The former president's highest priority is always himself, never the country.

Donald Trump drives a golf cart during the pro-am tournament ahead of the LIV Golf Invitational Series event at Trump National Golf Club Bedminster in Bedminster, New Jersey, on August 10, 2023. (Photo by Timothy A. Clary/AFP/Getty Images)

Donald Trump is a funny kind of patriot. 

He loves America—except for the cities, the people who live in the cities, about half of the states, the universities, professional sports leagues, Hollywood, Silicon Valley, Wall Street, the legal system, immigrants, the culture. He thinks the Capitol Police are murderers and that the FBI is a gestapo, that the government is an illegitimate junta maintained through election fraud, that the January 6 rioters are political prisoners, that the nation is a ruin, that it is “failed.” And when it fell to him to explain to Tuesday’s debate audience why he should be president, he spent most of his time repeating the praise of Hungarian autocrat Viktor Orbán.

Trump’s enemies are all Americans, his friends are all foreign dictators, and his money lives in Dubai and Indonesia. Some nationalist. 

Trump lives in a very strange little bubble: His world is Palm Beach, a handful of golf courses and hotels, and Fox News. The smallness of his frame of reference is a problem for him: Trump’s remarks about the 2017 fiasco in Charlottesville really are routinely misrepresented, and he is right to try to correct the record, but going on ABC and insisting that the story had been “debunked” by “Jesse”—and expecting the ABC debate audience to know that he meant Jesse Watters of Fox News—is just one example of Trump’s inability to speak to any constituency beyond the one he already has: the constituency that is holding him hostage. 

Presidential politics in September is about addition, not division or subtraction, and Trump did not add to his coalition on debate night. He doesn’t know how. Trump’s hardcore supporters are a big enough group to carry him through the Republican primary, which is dominated by a tiny number of extreme and unrepresentative partisans, but they are not a large enough group to carry him to victory on Election Day. Still, they demand constant entertainment and servicing—and Trump is too afraid of them to do anything else. 

Trump has proven over and over that his rump of right-wing rage monkeys cannot deliver at the polls, not only in the 2020 presidential election he lost to Joe Biden but also in the 2018 midterms (in which Republicans lost not only the House but also seven governorships, more than 350 state legislative seats, and control of six state legislative chambers) and the Senate-race fiasco in Georgia in 2020-21, in which both Republican senators got tossed out on their ears, with Trump actively sabotaging voter-turnout efforts and turning control of the Senate over to the Democrats, and, specifically, to tiebreaking Vice President Kamala Harris, who made the most of the opportunity.

Trump’s vision of America as a failed and corrupt society has deep roots in radical populism and its right-wing variants.
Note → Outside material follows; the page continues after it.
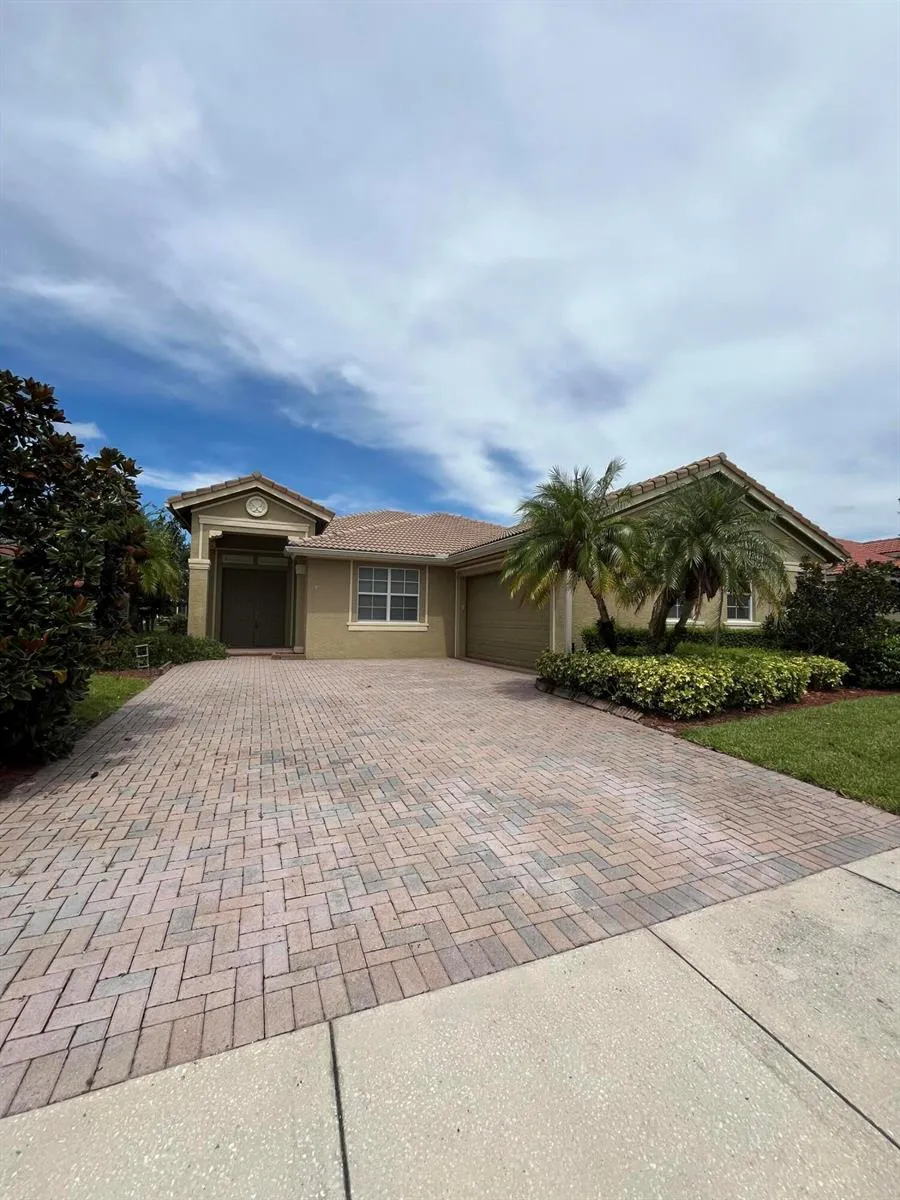6354 ASTOR PLACE Vero Beach, FL 32966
For white-power cranks such as David Eden Lane (whose “14 Words” pledge retains currency in corners of Trump’s world), loyalty to the United States is treason to the higher cause, in his case white nationalism: “Our race is our nation,” was his slogan. Trump is not that kind of a racist (he is a barstool bigot without the excuse of alcohol) but his brand of anti-Americanism runs parallel to that of white nationalists such as David Duke and Nick Fuentes (a neo-Nazi whom Trump was courting as recently as 2022) in that it holds that America cannot be a good or decent country if the wrong kind of people—especially dusky-hued ones such as Kamala Harris—hold political power. 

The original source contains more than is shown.